Grant Proposal Writing
Up to this point, we have learned how to develop the proposal rationale and to establish a background for it. Now we need to tell the reviewer what we plan to accomplish with the grant. this information is supplied by the OBJECTIVES, PROCEDURES, and ACTIVITIES section which forms the core of the proposal.
I cannot over emphasize the importance of the objectives section. Your proposal will be judged on its ability to show HOW you intend to solve the problem you have described. Reviewers often read this section first to get a definite idea of how feasible your plan is.
A CLEAR CUT GOAL
A reviewer likes to see specific, concrete, ACHIEVABLE objectives. Write an overall GOAL that speaks to the PROBLEM. Let's say that our problem to be addressed is the lack of activities for teenagers during their after-school hours. The overall goal can be, "To provide alternative activities for teenagers in their after-school hours in City X."
DESCRIPTION OF OBJECTIVES
Our objectives will indicate in very precise terms how we plan to provide these activities. To write this section, identify the overall goal, then list the specific OBJECTIVES in chronological order. Each OBJECTIVE will then be followed with its corresponding ACTIVITIES.
HOW TO WRITE OBJECTIVES
RULE 1: Use consistent verb forms.
Here are two ways to state the same objective. Both are correct. Chose one of the styles, then be consistent with all your objectives.

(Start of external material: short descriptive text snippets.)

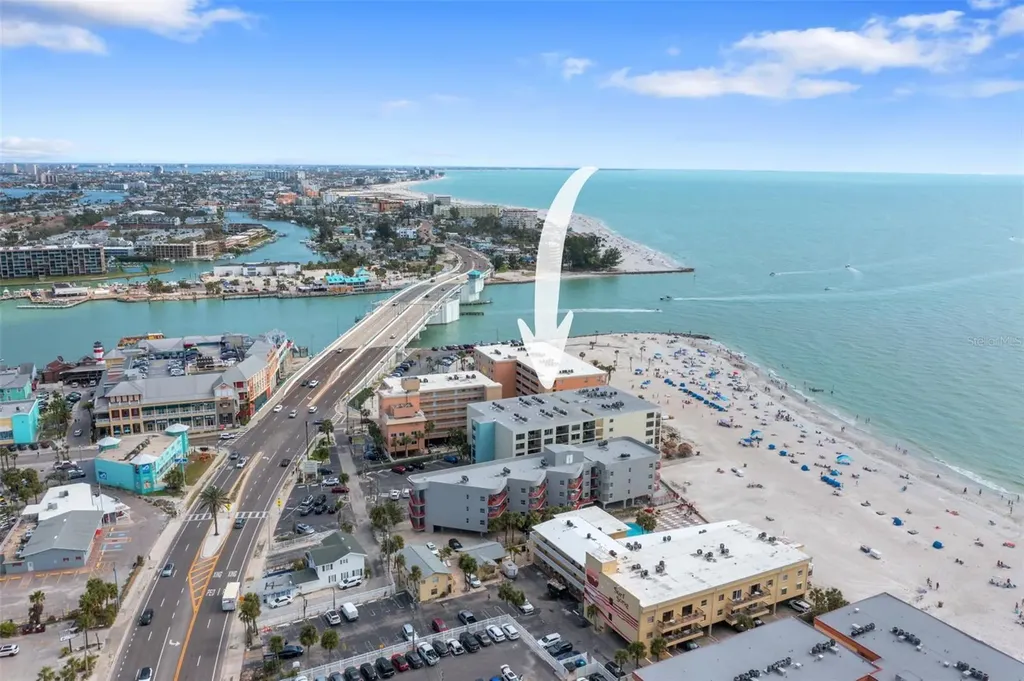 12924 Gulf Boulevard Madeira Beach FL 33708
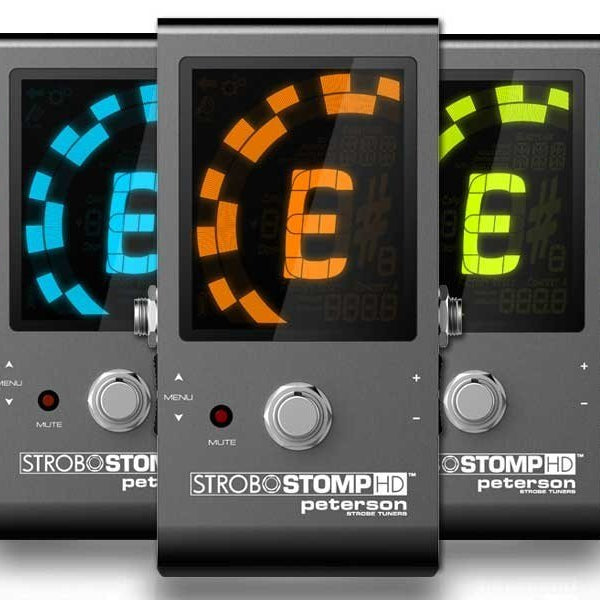 Peterson Tuner Strobostomp HD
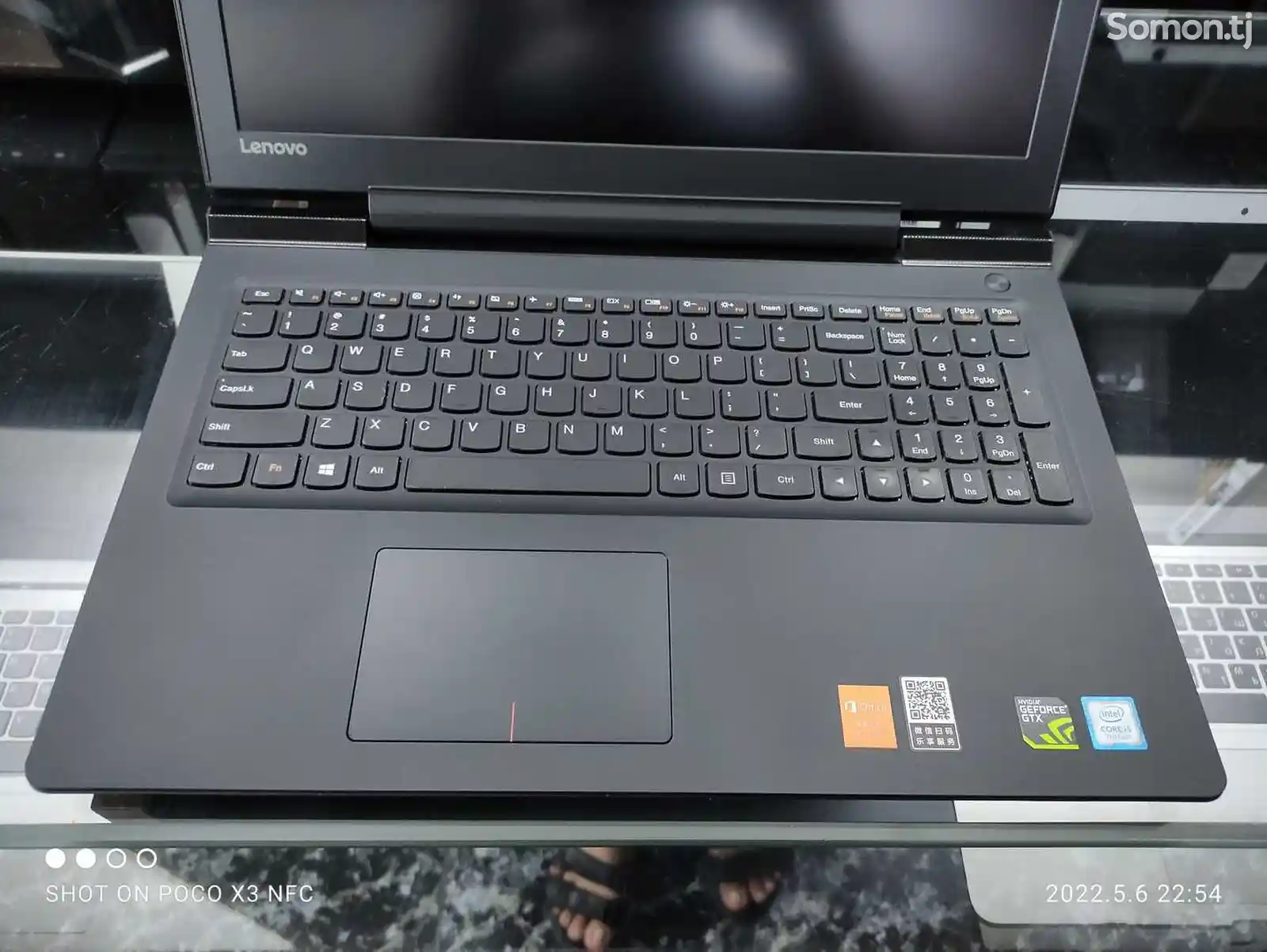 Игровой ноутбук Lenovo Ideapad 700 Gaming Core i5-6300HQ GTX 950M 4GB-4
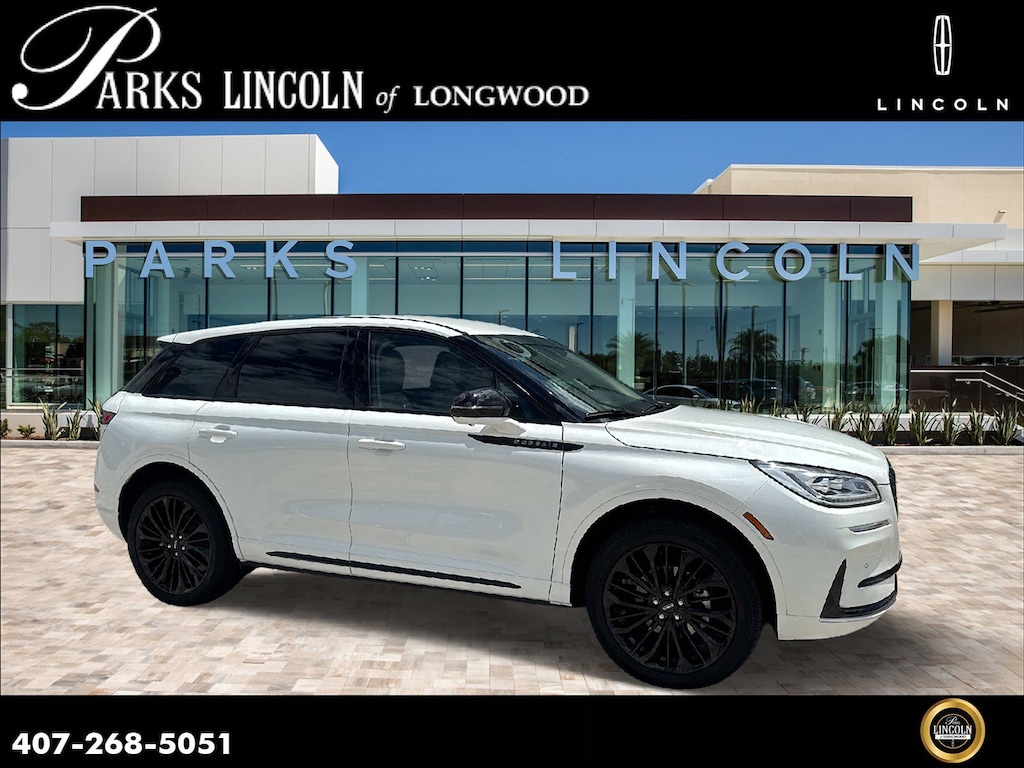 New 2025 Lincoln Corsair Reserve CROSSOVERS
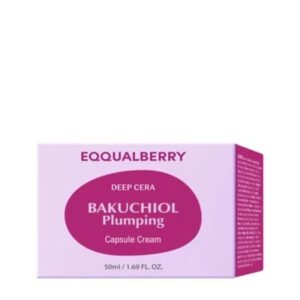 إيكوالبيري كريم كبسولة باكوتشيول الممتلئ لشد البشرة وتضييق المسام _50 مل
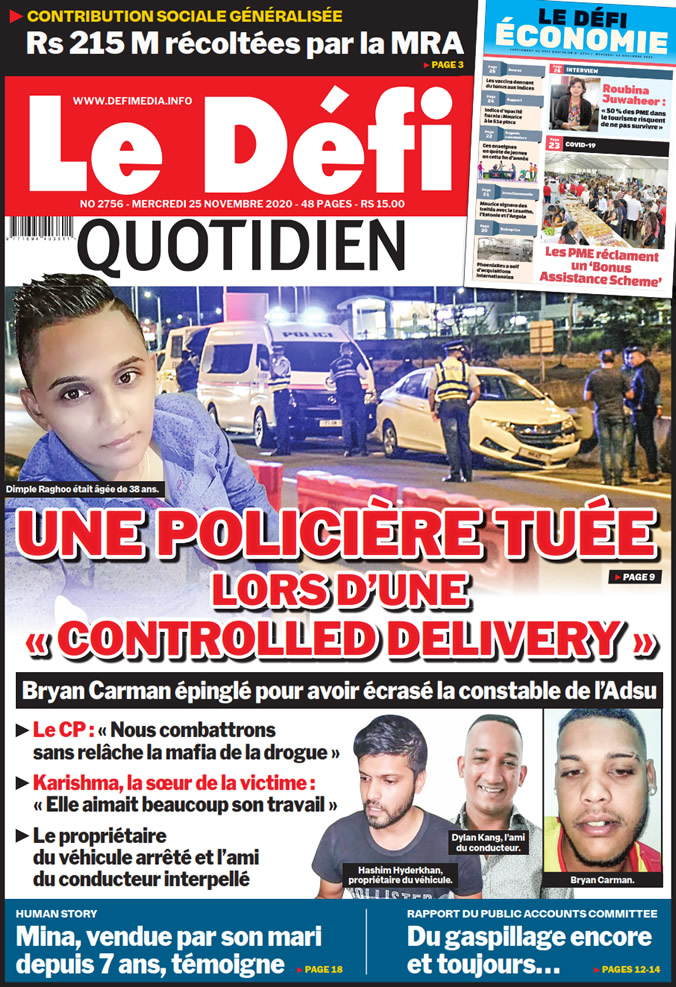Defi Quotidien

OBJECTIVE 1: To select a minimum of three faculty participants to develop after-school activities for teenagers by June 1.
OBJECTIVE 1: A minimum of three faculty participants will be selected to develop after school activities for teenagers by June 1.
In the first example, the verb "select" is used in the infinitive form (to select). This style is the more traditional of the two. The second objective uses the passive voice to express the same idea; "will be selected" shows the subject as being acted upon rather than performing the action. Both examples are acceptable, but chose one style and stay with it through the objectives section. Transitive verbs (verbs that express ACTION on an object) work best because they link each objective to its subsequent activities. Verbs such as select, develop, implement, identify, research, assess, prepare, and disseminate allow you to introduce your activities with precise correlative objectives.
You might want to peek at Benjamin Bloom's list of verbs that work well with measurable objectives.
RULE 2: Use Quantifiable Terms
In order to justify your goals and measure your future success, you need quantifiable, measurable objectives. Build you objective with concise terminology: "To provide a minimum of seven after-school or evening alternative activities for at least 100 teenagers in Your City."
RULE 3: Specific a Target Date
When will each objective be accomplished? Give the grantor a projected date of completion: "To provide a minimum of seven after-school or evening alternative activities for at least 100 teenagers in Your City by September 15."
Remember that the three rules for writing objectives are:
(1) Use consistent ACTIVE verb forms.
(2) Use quantifiable terms.
(3) Specify a target date.
These rules will help you write clear-cut objectives that can be accomplished within the terms of the grant.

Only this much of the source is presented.